Fermetures annoncées et menaces sociales
Cette crise a déjà des conséquences concrètes. BDR Thermea, propriétaire de l’usine De Dietrich à Mertzwiller en Alsace, a annoncé la fin de son activité industrielle de pompes à chaleur d’ici 2027. Résultat : environ 320 postes supprimés, avec un transfert de la production vers la Slovaquie et la Turquie. Pour les salariés, c’est un « crève-cœur », d’autant plus douloureux que ce site faisait partie du projet de relocalisation voulu par l’État.
Dans le même temps, le groupe Atlantic prévoit la construction d’une nouvelle usine en Saône-et-Loire, financée en partie par les crédits d’impôt pour l’industrie verte. L’investissement annoncé est de 150 millions d’euros pour 300 emplois créés, avec une capacité annoncée de 150 000 unités par an. Mais cette initiative ne compense pas la fermeture en Alsace et illustre une stratégie d’implantations dispersées, sans réelle cohérence d’ensemble.
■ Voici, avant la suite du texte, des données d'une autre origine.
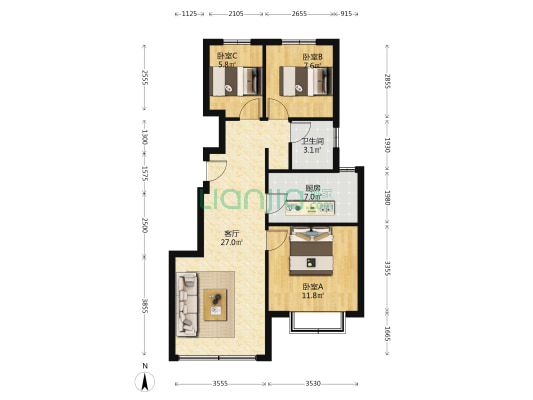 精装修南北通透三居未住好楼层视野佳有本随时过户-户型图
Un objectif gouvernemental percuté par sa propre politique d’austérité
Le gouvernement maintient l’objectif d’un million de pompes à chaleur produites par an en 2027. Pourtant, le décalage entre cette ambition et la réalité industrielle saute aux yeux. Les industriels alertent sur une année 2025 particulièrement difficile, marquée par des plans sociaux et une visibilité réduite. Le pouvoir d’achat des familles susceptibles de s’équiper est en berne, et aucun mécanisme de régulation ni de planification n’existe pour organiser la filière.
En réalité, cette crise met en lumière les limites d’une approche strictement libérale de la réindustrialisation. Le gouvernement distribue des aides publiques massives aux entreprises, sans imposer de contreparties sociales ou environnementales. Les fermetures de sites, les délocalisations et la précarisation des salariés se poursuivent malgré les subventions.
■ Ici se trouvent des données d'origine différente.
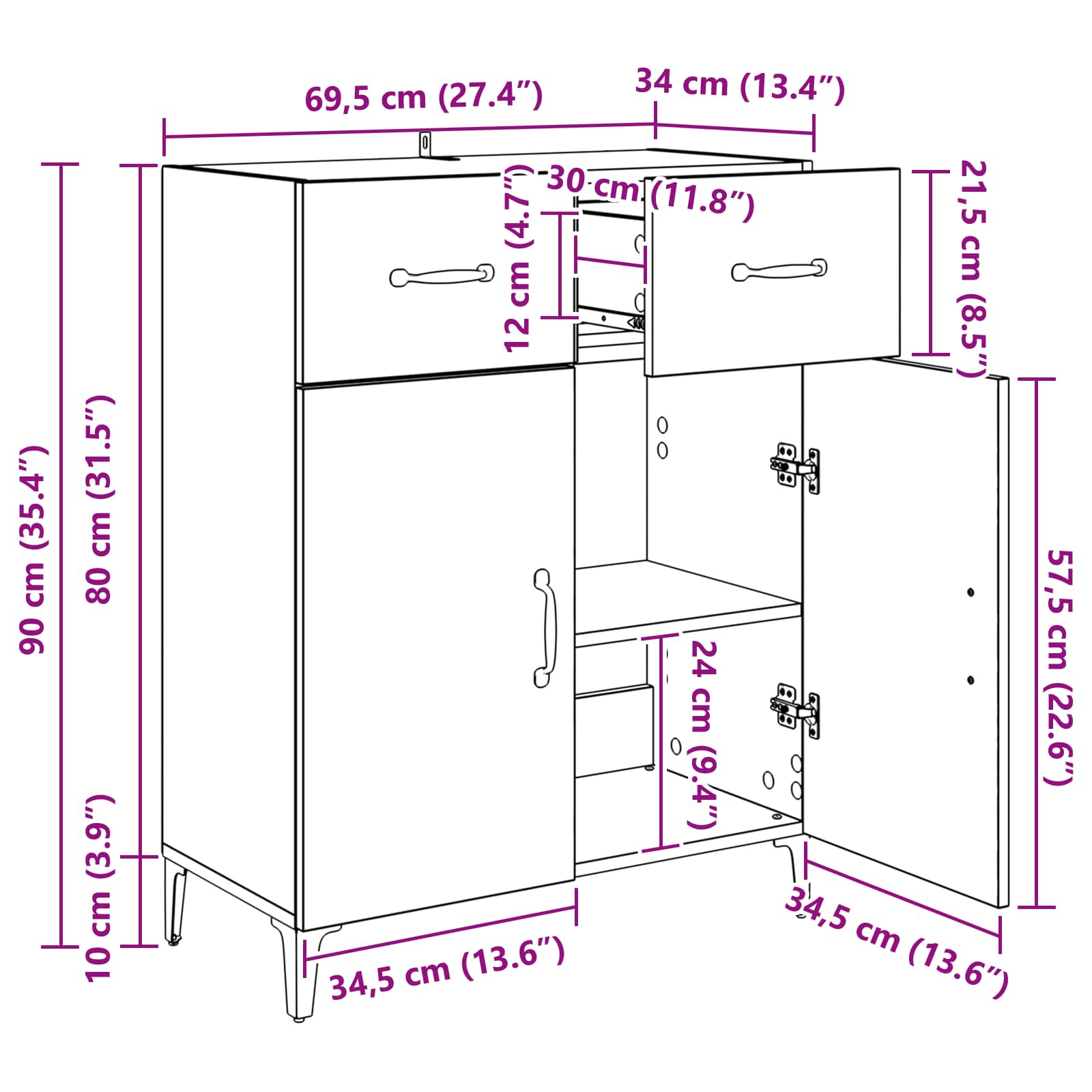 Sideboard Altholz 69,5 x 34 x 90 cm Holzwerkstoff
De plus, l’absence d’une planification industrielle concertée avec l’ensemble des acteurs – entreprises, chercheurs, collectivités, salariés – empêche toute vision cohérente de long terme. Le refus obstiné de constituer un pôle public de l’énergie et un pôle public financier des banques et assurances, qui impliqueraient des nationalisations et une maîtrise publique des filières stratégiques, condamne la France à subir la désindustrialisation au lieu de la combattre.
Les pompes à chaleur, qui devaient symboliser une renaissance industrielle au service de la transition écologique, deviennent aujourd’hui le reflet d’un nouvel échec. Tant que le gouvernement persistera dans une logique libérale, arrosant les entreprises de fonds publics sans exigence de résultats ni coordination nationale, la réindustrialisation restera un mirage.